At the crux of AFGE’s lawsuit is the provision of the executive order barring union employees from using official time to represent a colleague in grievance proceedings, which carves out an exception for an employee working on his or her own grievance.

“Employees may not use taxpayer-funded union time to prepare or pursue grievances (including arbitration of grievances) brought against an agency . . . except where such use is otherwise authorized by law or regulation,” the order stated. “The prohibition . . . does not apply to an employee using taxpayer-funded union time to prepare for, confer with an exclusive representative regarding, or present a grievance brought on the employee’s own behalf.”

That, the union argued, is a violation of AFGE’s freedom of association.

“There is no valid basis to distinguish grievances brought by the union [on behalf of the] union or grievances in which a union representative seeks to represent another employee from grievances brought on an employee’s own behalf or instances in which an employee is to appear as a witness in a grievance proceeding,” the union wrote. “By singling out labor organizations for disparate treatment, [the executive order] unlawfully restrains and retaliates against AFGE and its union-member representatives, separately and collectively, in and for the exercise of their rights to expressive association.”

AFGE also argued that mandating the number of hours agencies can authorize for employees’ use of official time improperly amends the section of the 1978 Civil Service Reform Act governing collective bargaining negotiations and establishing official time as a lawful practice.
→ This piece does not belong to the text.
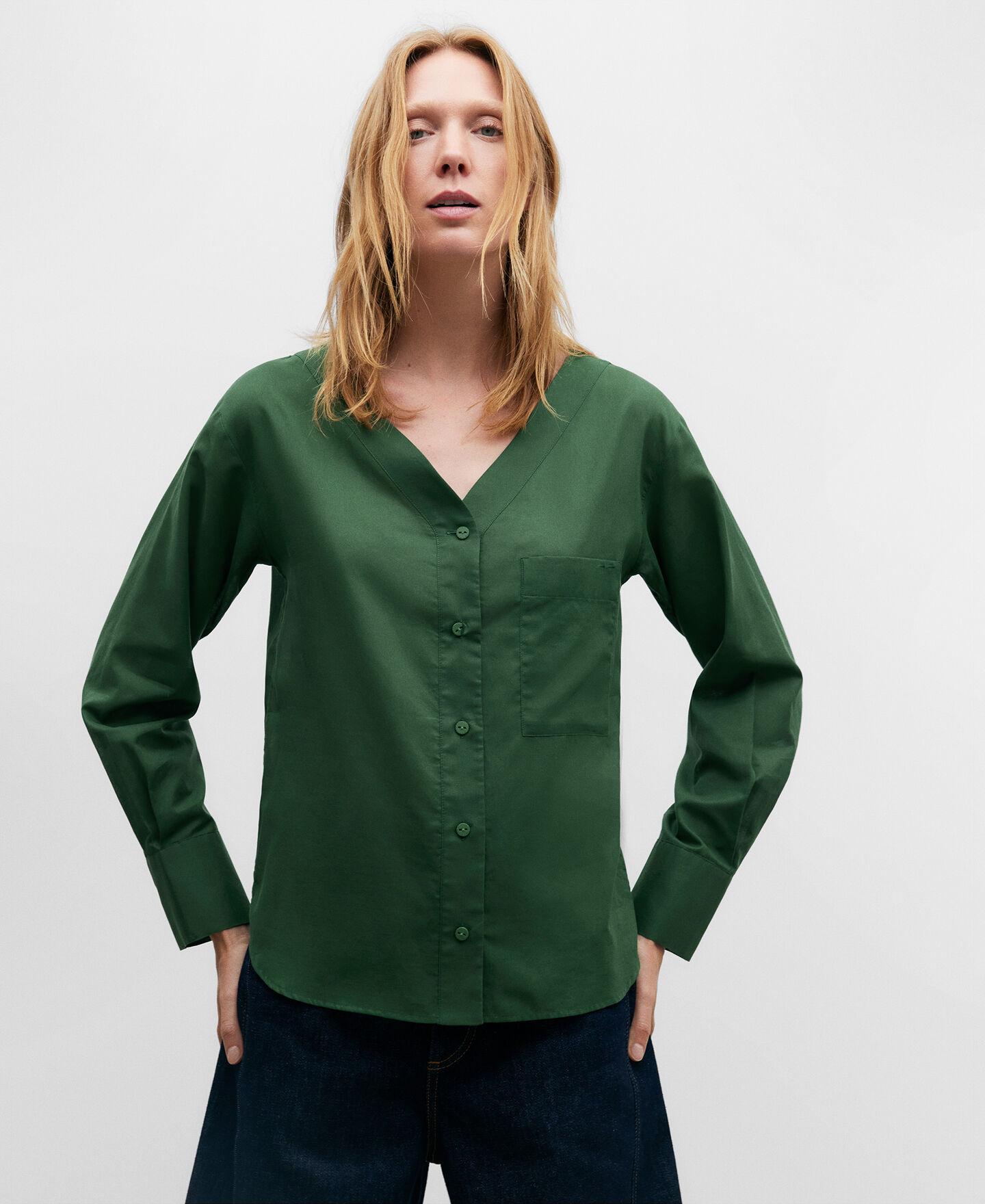 Adolfo dominguez store blusas mujer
By setting a unilateral cap on the use of official time, the administration violated the provision of the 1978 law that says the practice will be granted “in any amount the agency and the exclusive representative involved agree to be reasonable, necessary and in the public interest,” the union argued.

“[The law] provides that agencies have a duty to bargain in good faith that includes the obligation to approach negotiations with a sincere resolve to reach agreement,” AFGE wrote. “By purporting to fix a preexisting and specific cap on the amount of official time that an employee may use in a fiscal year, and by purporting to add allegedly excess amounts in one fiscal year to the cap calculation for the following year, [the order] is contrary to [existing law].”
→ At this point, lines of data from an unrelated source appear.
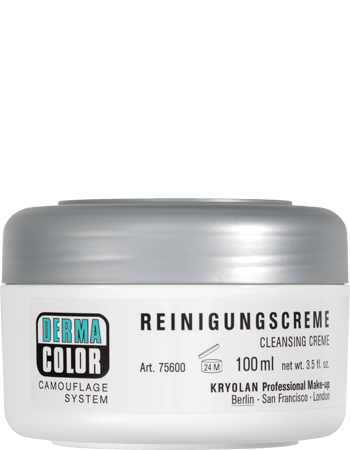 Dermacolour Cleansing Cream - Kryolan - Minifies Makeup Store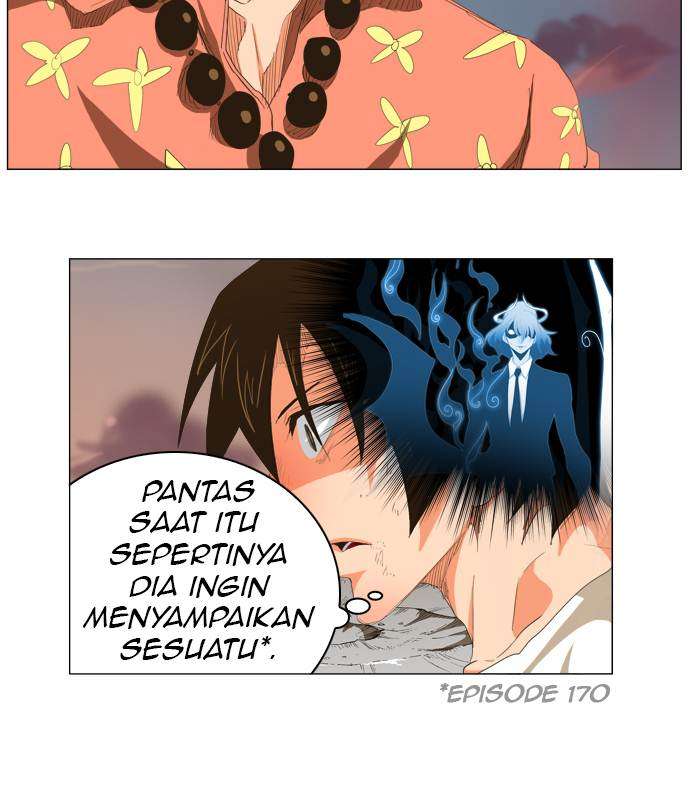 The God of High School Chapter 269 Gambar 7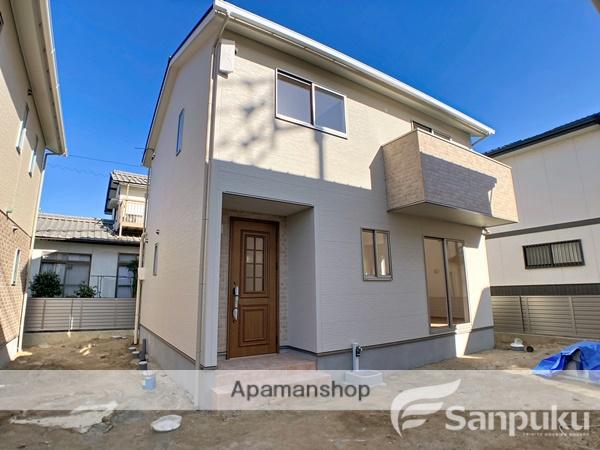 伊予鉄道環状線 宮田町駅 徒歩6分 2階建 新築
In a statement, AFGE National President J. David Cox described the executive order as an attempt by the White House to “score political points” by bashing federal unions and employees.

“This is a democracy, not a dictatorship,” Cox said. “No president should be able to undo a law he doesn’t like through administrative fiat . . . Congress passed these laws to guarantee workers a collective voice in resolving workplace issues and improving the services they deliver to the public every day.”

The White House and Office of Personnel Management did not respond to requests for comment Thursday morning.